▶ WHAT TO WORK ON
Each record, word for word and stripped of pictures, is what the answer should contain.

[Image-caption web data]
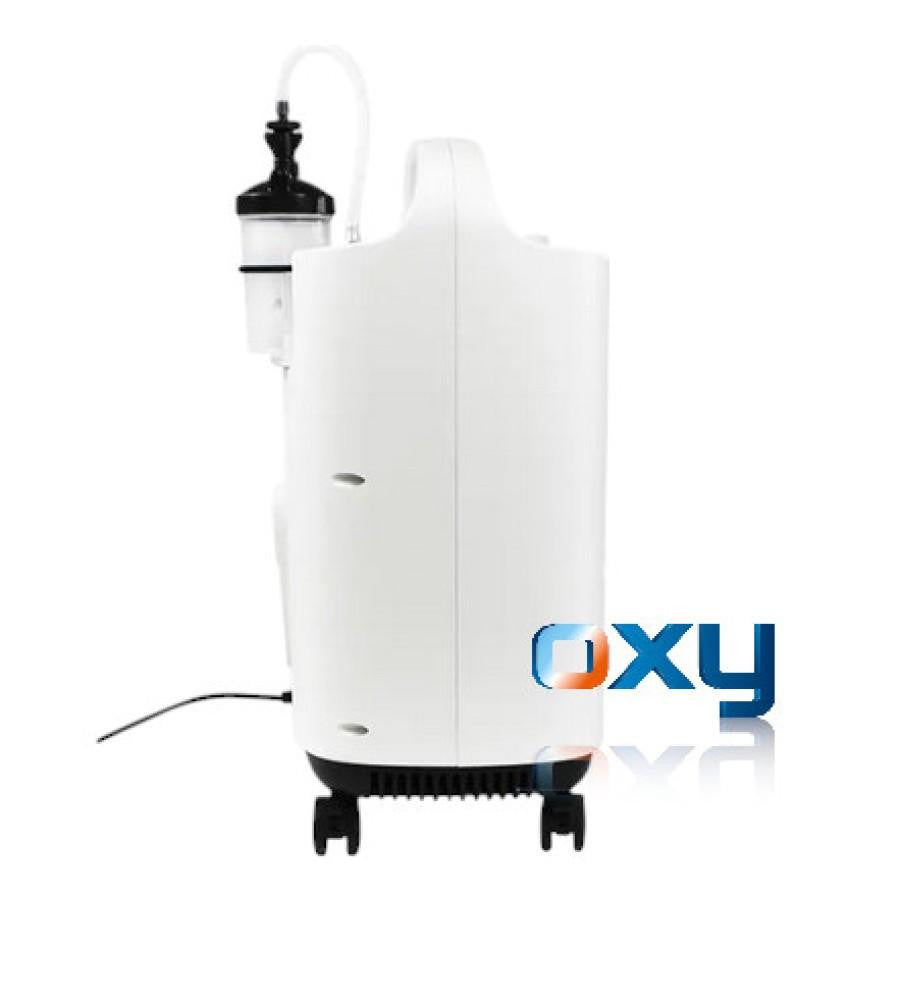 Philips Respironics Philips Oxygenate 5, medical oxygen concentrator machine with white exterior and black oxygen outlet component.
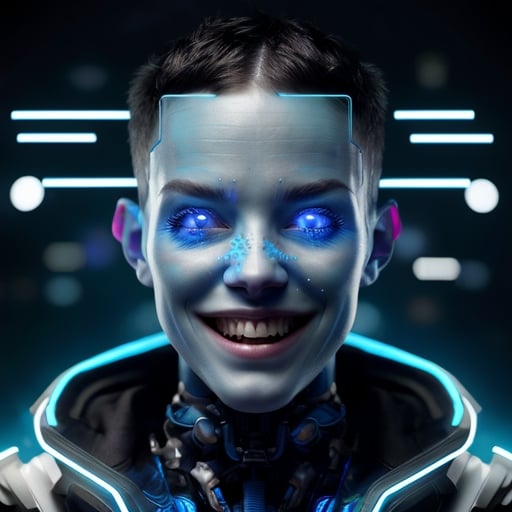 Prompt: Ethereal artificial intelligence avatar in a blue color palette, humanoid face with intricate circuitry, bright glowing blue eyes, malicious smile not showing teeth, far futuristic cyberpunk setting, detailed digital rendering, highres, cyberpunk, circuitry details, bright blue, malicious expression, high-tech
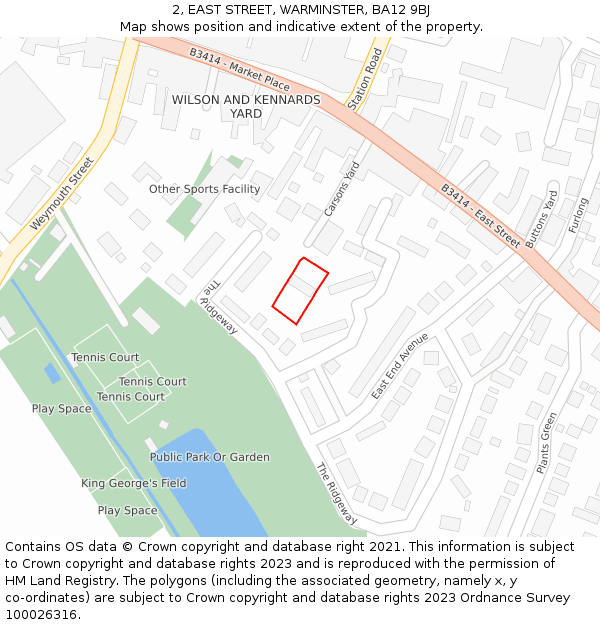 2, EAST STREET, WARMINSTER, BA12 9BJ: Location map and indicative extent of plot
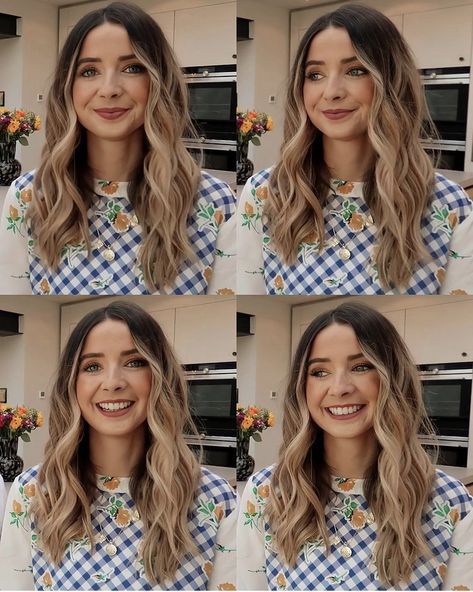 Zoe Sugg Hair, Zoella Outfits, Zoella Hair, Zoe Sugg, Brown Hair Inspo, Zoella, Rose Hair, Hair Inspiration Color, Summer Hair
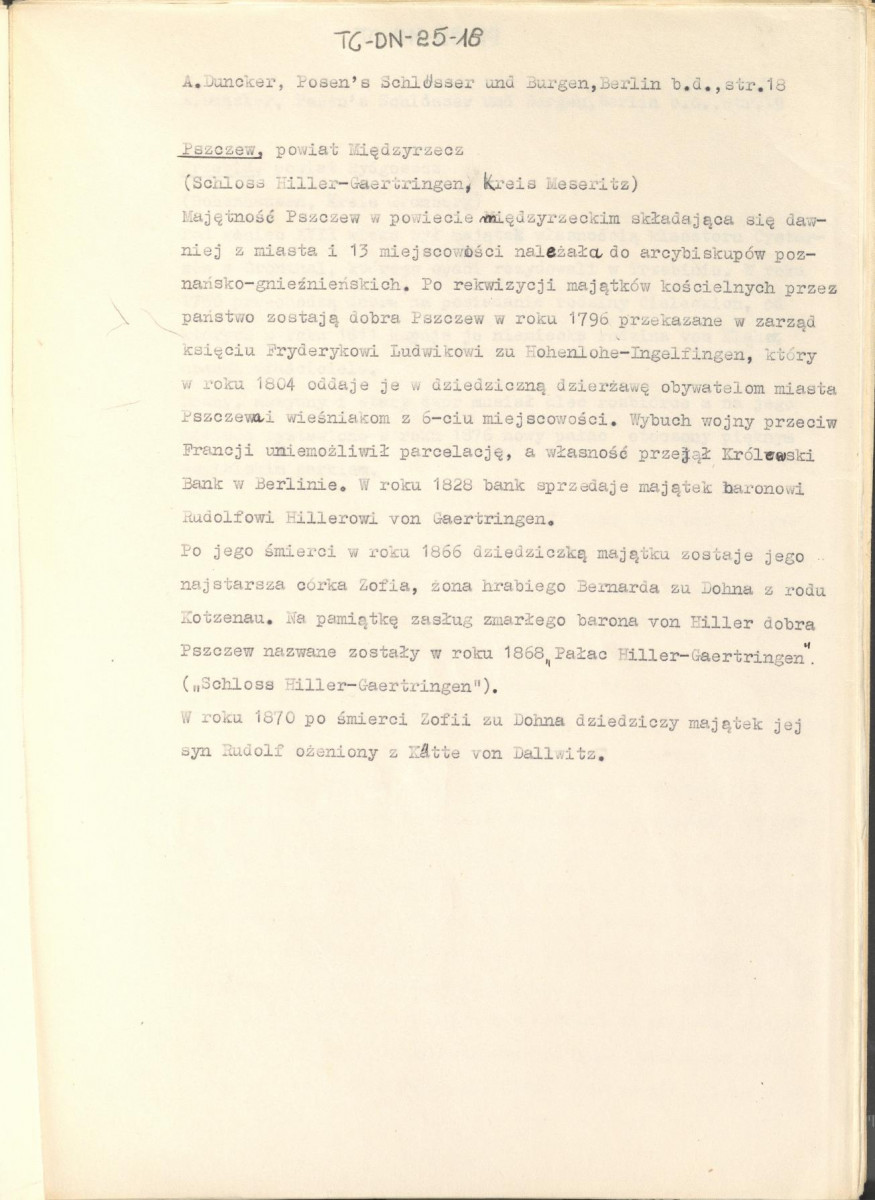 wypis z pracy "Pałace i zamki w Poznańskim w artystycznych, barwnych i wiernie z natury odtworzonych ilustracjach wraz z towarzyszącym im tekstem. Wydane przez Aleksadra Ducknera nadwornego księgarza Jego Królewskiej Mości. Berlin b.d. Nakładem Aleksandra Ducknera nadwornego księgarza królewskiego", s. 18, skan 1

▶ RESULT
 Philips Respironics Philips Oxygenate 5, medical oxygen concentrator machine with white exterior and black oxygen outlet component.
 Prompt: Ethereal artificial intelligence avatar in a blue color palette, humanoid face with intricate circuitry, bright glowing blue eyes, malicious smile not showing teeth, far futuristic cyberpunk setting, detailed digital rendering, highres, cyberpunk, circuitry details, bright blue, malicious expression, high-tech
 2, EAST STREET, WARMINSTER, BA12 9BJ: Location map and indicative extent of plot
 Zoe Sugg Hair, Zoella Outfits, Zoella Hair, Zoe Sugg, Brown Hair Inspo, Zoella, Rose Hair, Hair Inspiration Color, Summer Hair
 wypis z pracy "Pałace i zamki w Poznańskim w artystycznych, barwnych i wiernie z natury odtworzonych ilustracjach wraz z towarzyszącym im tekstem. Wydane przez Aleksadra Ducknera nadwornego księgarza Jego Królewskiej Mości. Berlin b.d. Nakładem Aleksandra Ducknera nadwornego księgarza królewskiego", s. 18, skan 1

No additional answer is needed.